WHAT TO PRODUCE:
Your output should reproduce each entry exactly, with none of its pictures.

Image-caption web data:
*** Begin section ***
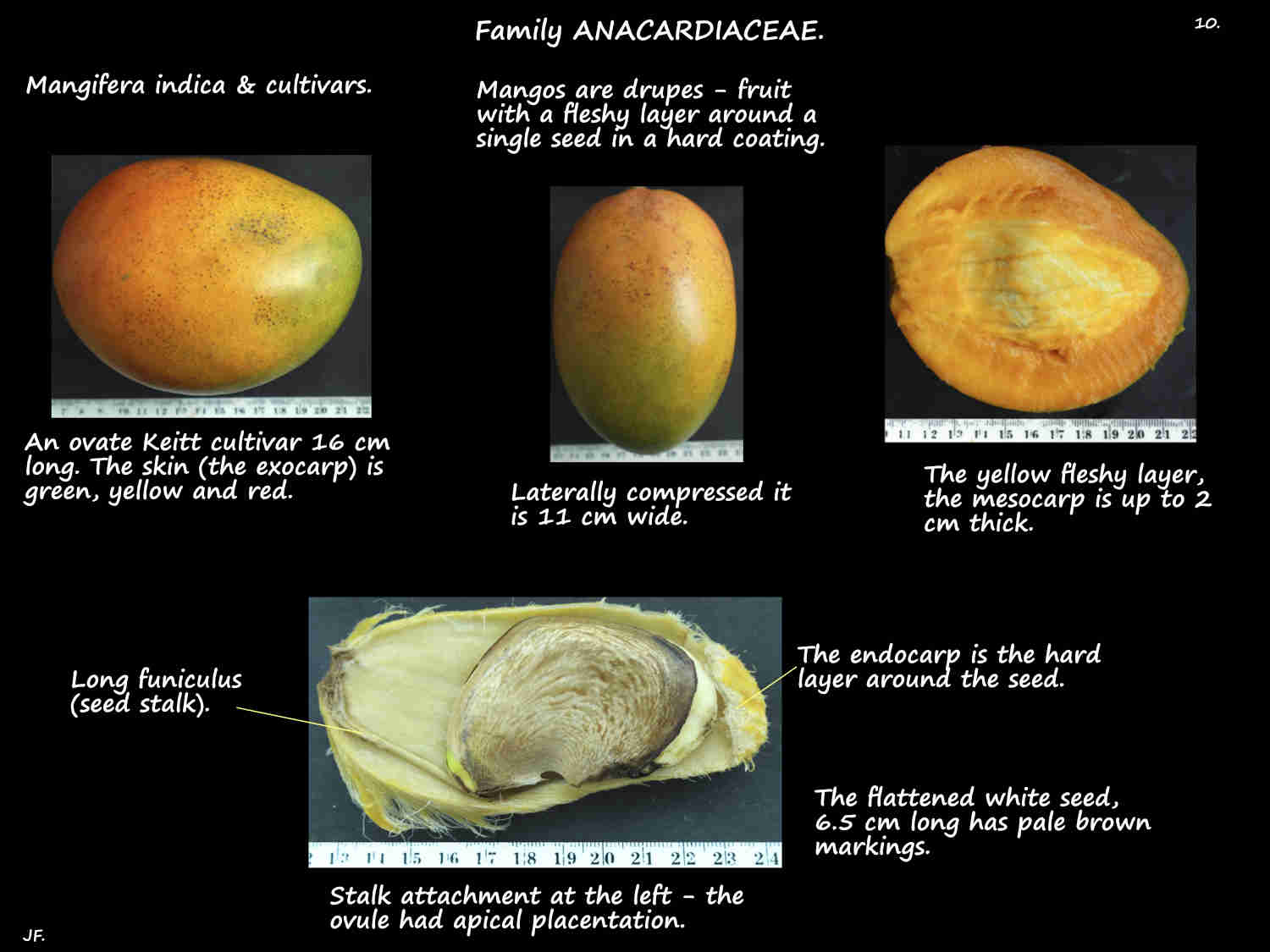 10 The structure of Mango drupes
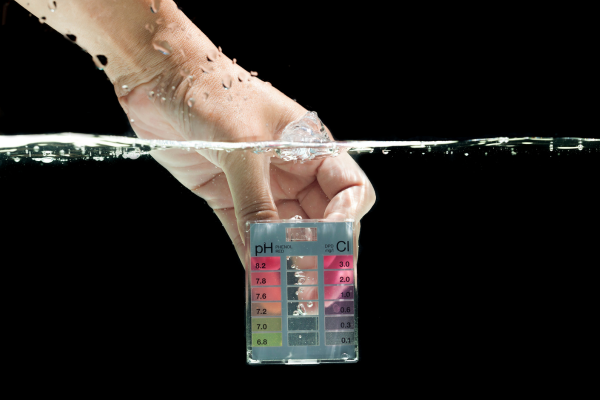 How to Choose a Water Test Kit for Shrimp Keeping
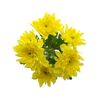 Хризантема Tr Baltica Yellow, Модель: 0, зображення 2 | Доставка квітів Шарм24
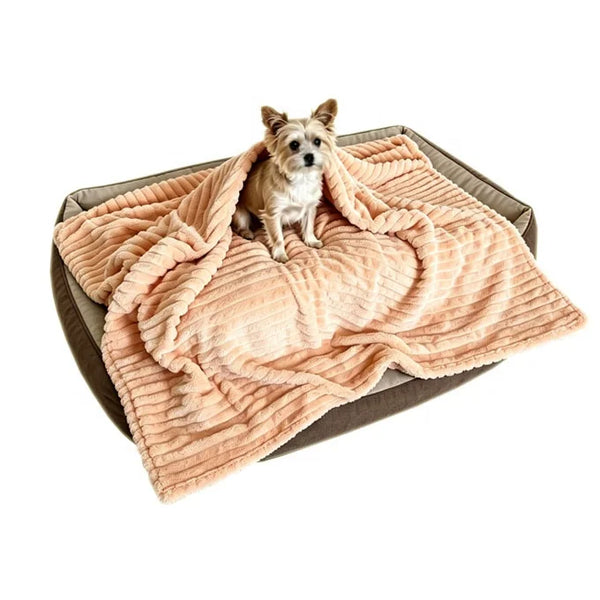 Outdoor Blanket for Dogs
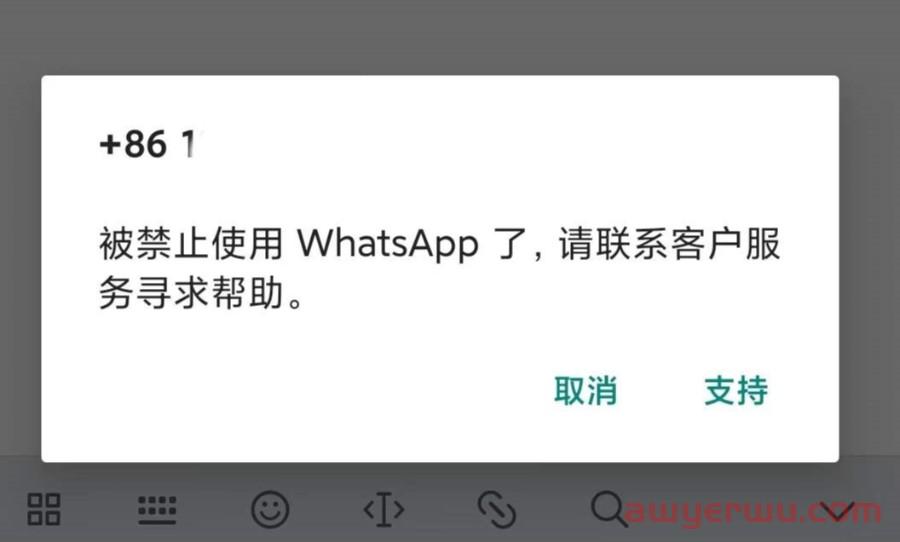 WhatsApp2023年最全攻略，建议收藏！ 第1张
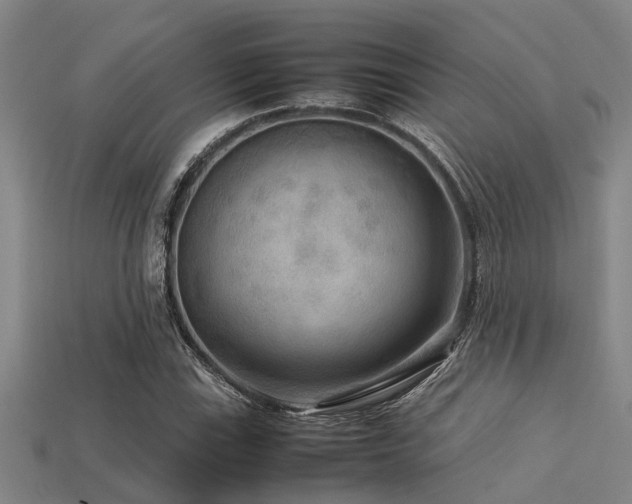 X0000113291115200909141158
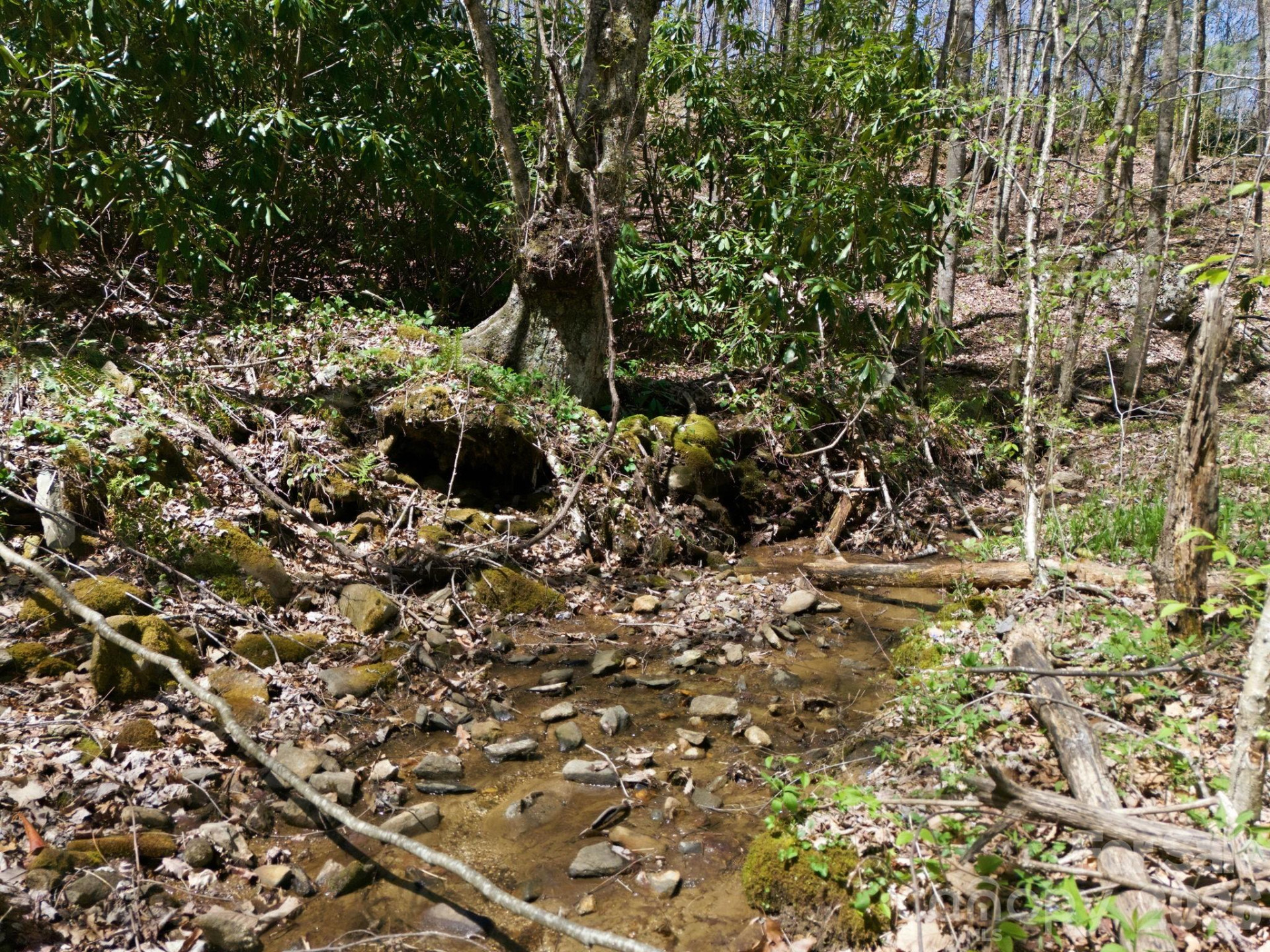 9999 Lytle Cove Road Road - Photo 14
*** End section ***
SOLUTION FOR THIS PROBLEM:
 10 The structure of Mango drupes
 How to Choose a Water Test Kit for Shrimp Keeping
 Хризантема Tr Baltica Yellow, Модель: 0, зображення 2 | Доставка квітів Шарм24
 Outdoor Blanket for Dogs
 WhatsApp2023年最全攻略，建议收藏！ 第1张
 X0000113291115200909141158
 9999 Lytle Cove Road Road - Photo 14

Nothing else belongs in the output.